Genzeb Shumi

Medal record

Women's athletics

Representing Bahrain

Pan Arab Games

Military World Games

Asian Championships

Asian Indoor Championships

Asian Junior Championships

= Genzeb Shumi =

Ethiopian-Bahraini middle-distance runner (born 1991)

Genzeb Shumi Regasa (also known as Genzebe Shami Regassa, born 29 January 1991) is an Ethiopian-born middle-distance runner who competes internationally for Bahrain. She won the 1500 metres gold medal at the Asian Athletics Championships in 2011 and the Asian Indoor Athletics Championships in 2012. Her personal bests are 2:01.18 minutes for the 800 metres and 4:05.16 minutes for the 1500 m.

==Career==
Born in Ethiopia, she began running for Bahrain in 2010, making her debut in the junior race at the 2010 IAAF World Cross Country Championships and finishing seventeenth. She broke the national junior records for the 800 metres and 1500 metres events that year. She won the 1500 m title at the 2010 Asian Junior Athletics Championships and was runner-up in the 3000 metres event. She ran on the global stage at the 2010 World Junior Championships in Athletics a few weeks later and after running a Bahraini junior record of 4:14.05 minutes in the heats, she was slower in the 1500 m final and finished tenth. She set an 800 m junior record of 2:04.09 minutes in the heats at the 2010 Asian Games, but was again slower in the final, taking eighth place.

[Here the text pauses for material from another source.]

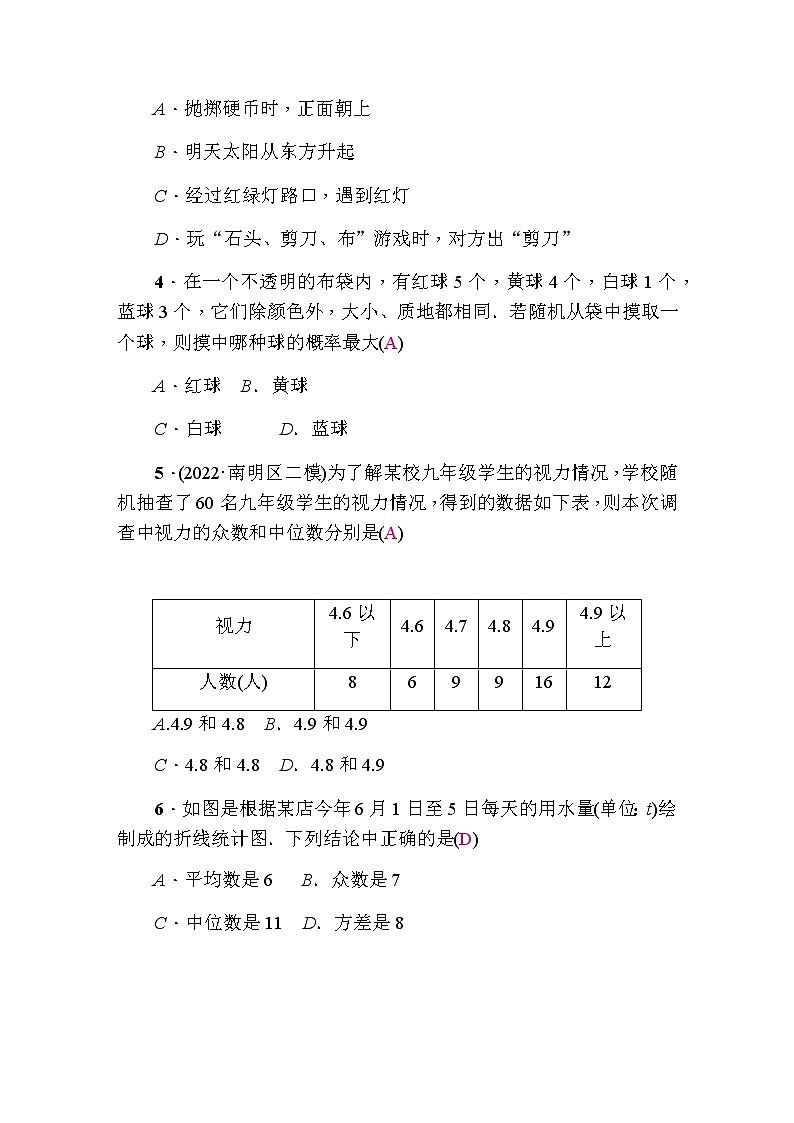 中考数学复习章节限时练8统计与概率含答案第2页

She marked herself out as one of the regions top runners in 2011. Moving into the senior ranks at the age of twenty, she placed 30th at the 2011 IAAF World Cross Country Championships. She ran a 1500 m best of 4:11.27 minutes in Tomblaine in June. She won that event at the 2011 Asian Athletics Championships the following month (her first regional title) and also placed fifth in the 800 m. In Rio de Janeiro's 2011 Military World Games, she was the 1500 m bronze medalist. Genzeb was one of three Ethiopian-born Bahrainis to be entered into the women's 1500 m at the 2011 World Championships in Athletics alongside Mimi Belete and defending champion Maryam Yusuf Jamal. She was eliminated in the heats stage, however, in her first major world track appearance. She returned to regional competition at the end of the year, winning a middle distance double at the Arab Athletics Championships in Al Ain and taking the 800 m silver and 1500 m gold medals at the 2011 Pan Arab Games.

She collected further medals at the 2012 Asian Indoor Athletics Championships, taking the 1500 m title and finishing second to Zhao Jing in the 800 m. Following this she won her first cross country medal at the Asian Championship meet, taking third place in a Bahraini podium sweep with Shitaye Eshete and Tejitu Daba. She ran in the 800 m and 1500 m at the 2012 Summer Olympics, reaching the semifinals of the 800 m.